Il ‘no’ ai prodotti degli insediamenti in Cisgiordania – in gran parte agrumi e datteri – non si configura quindi “come una forma di boicottaggio generalizzato” ma è finalizzato a “salvaguardare un diritto all’informazione corretta sull’origine dei prodotti” ha evidenziato, nella lettera inviata alla rete di pressione pro-palestinese, il direttore Qualità della Coop Maurizio Zucchi.
La versione italiana è stata poi confermata dalla responsabile per le pubbliche relazioni dell’Agrexco Shira Segal Kuperman che, secondo quanto riporta il sito di ‘Stop Agrexco’, ha assicurato: “Lavoriamo con queste società da 50 anni. C’é una legge in Italia che vieta il boicottaggio di prodotti per motivi politici, e queste affermazioni sono infondate”. I prodotti della Agrexco, la maggiore società di esportazione di prodotti agricoli israeliani, della quale il governo possiede il 50%, non sono nuovi a forme di boicottaggio.

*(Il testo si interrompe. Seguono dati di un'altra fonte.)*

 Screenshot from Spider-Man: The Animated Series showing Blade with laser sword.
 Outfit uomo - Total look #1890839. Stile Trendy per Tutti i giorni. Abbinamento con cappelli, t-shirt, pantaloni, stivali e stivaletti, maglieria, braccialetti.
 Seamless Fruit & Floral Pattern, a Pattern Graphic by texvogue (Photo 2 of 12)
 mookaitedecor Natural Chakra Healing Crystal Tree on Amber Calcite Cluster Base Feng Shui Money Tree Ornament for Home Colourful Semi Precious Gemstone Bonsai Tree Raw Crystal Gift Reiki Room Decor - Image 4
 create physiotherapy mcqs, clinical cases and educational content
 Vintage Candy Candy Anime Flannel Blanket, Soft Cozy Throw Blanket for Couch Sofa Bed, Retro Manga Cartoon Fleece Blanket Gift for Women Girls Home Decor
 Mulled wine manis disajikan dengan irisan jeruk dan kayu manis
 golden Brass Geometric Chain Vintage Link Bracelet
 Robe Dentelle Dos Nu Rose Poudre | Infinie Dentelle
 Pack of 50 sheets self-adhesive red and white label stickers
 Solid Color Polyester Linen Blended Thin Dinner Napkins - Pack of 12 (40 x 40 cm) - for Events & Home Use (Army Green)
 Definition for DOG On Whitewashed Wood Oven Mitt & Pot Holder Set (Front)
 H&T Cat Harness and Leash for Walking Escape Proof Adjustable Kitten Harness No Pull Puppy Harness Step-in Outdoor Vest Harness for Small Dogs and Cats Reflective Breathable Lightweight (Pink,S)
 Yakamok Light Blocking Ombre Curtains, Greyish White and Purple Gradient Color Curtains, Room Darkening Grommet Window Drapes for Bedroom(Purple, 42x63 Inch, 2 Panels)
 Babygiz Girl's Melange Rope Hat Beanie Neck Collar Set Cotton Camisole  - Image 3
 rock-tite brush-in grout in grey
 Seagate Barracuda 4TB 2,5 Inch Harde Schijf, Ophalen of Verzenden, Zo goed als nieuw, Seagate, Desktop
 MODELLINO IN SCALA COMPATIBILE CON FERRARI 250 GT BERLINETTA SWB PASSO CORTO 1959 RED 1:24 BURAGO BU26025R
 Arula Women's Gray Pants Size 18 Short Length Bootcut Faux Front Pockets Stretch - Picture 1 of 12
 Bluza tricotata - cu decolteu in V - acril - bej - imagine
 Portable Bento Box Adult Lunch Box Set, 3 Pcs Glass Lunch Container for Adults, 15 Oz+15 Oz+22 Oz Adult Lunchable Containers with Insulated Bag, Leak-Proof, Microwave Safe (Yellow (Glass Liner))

In Italia, dallo scorso gennaio, diverse associazioni, che convergono nella rete ‘Stop Agrexco’, hanno organizzato una campagna di protesta contro frutta e verdura provenienti dai territori occupati. E in tutto il mondo, dall’Australia alla California si sono attivati studenti e municipalità per interrompere il commercio di questi prodotti. Mentre in Gran Bretagna, lo scorso dicembre, il ministero dell’Ambiente, dell’Alimentazione e degli Affari Rurali aveva emanato una direttiva secondo cui i supermercati, su base volontaria, avrebbero potuto distinguere sulle loro etichette i prodotti delle colonie israeliane da quelli palestinesi, scatenando le critiche del ministero degli Esteri israeliano.